My son asked my 7yo how she would survive a bear attack and she replied she would try to be his friend, thus making her the most adorable of my children but also the least likely to survive an encounter with an actual bear.
I find it very upsetting that dragon fruit has such a cool name, looks so exotic, and then tastes like a diabolical farmer crossed a kiwi with a potato.
Daughter singing: In your hand… In your hand.
Me: Zombie? It’s in your HEAD.
D: No! The car keys you’ve been looking for the last 10 mins.
Husband: *begs me to watch Lord of the Rings for the past 10 years.
*finally watches it*
Me: Why didn’t you recommend it sooner?
I once put a cigarette out on someone’s arm for telling me that we didn’t evolve from giant centipedes. I graduated college, I know things.
Guys, I’ve never watched Succession or Ted Lasso. It’s like I’m some uncontacted tribe in the middle of nowhere
I hope google does well on my son’s test
2020: omg we’re entering hell
2021: ok so how do we make hell cozy
My funeral instructions to my family were to have me cremated, and I told my best friends under no circumstances should I be cremated.
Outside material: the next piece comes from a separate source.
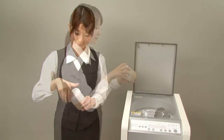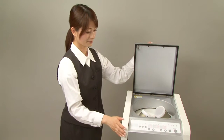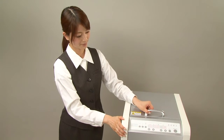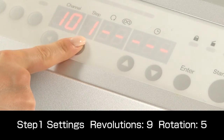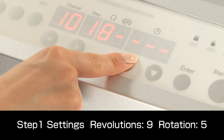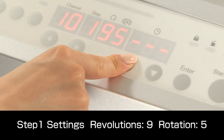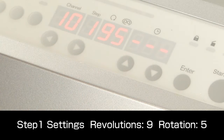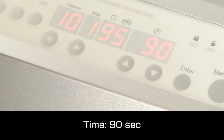The container with the materials is set in the holder and the lid is closed. Generally, when mixing materials, rotation speed is set to about one-third of the revolution speed. But because this material is highly viscous, revolutions are set to speed level 9 and rotation to speed level 5 in order to increase mixing force. The mixing time is set to 90 seconds.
No matter how bad things get I remind myself I could be trapped in a pyramid scheme convinced I’m a business owner.
I hired a pizza chef as my new golf coach. One way or another the dude is gonna fix my slice.
sometimes killer whales hunt moose, and if that doesn’t scare and confuse you, it probably should
Thanks, Google, probably could have managed those last two letters myself
Me on a dinner date: be cool, be cool, be cool…..
*dips cookie in barbecue sauce
One day ISIS is going to screw up and accidentally hit ‘add your location’ to a tweet.
No officer, Vodka and I were hanging out and this car decided to join us.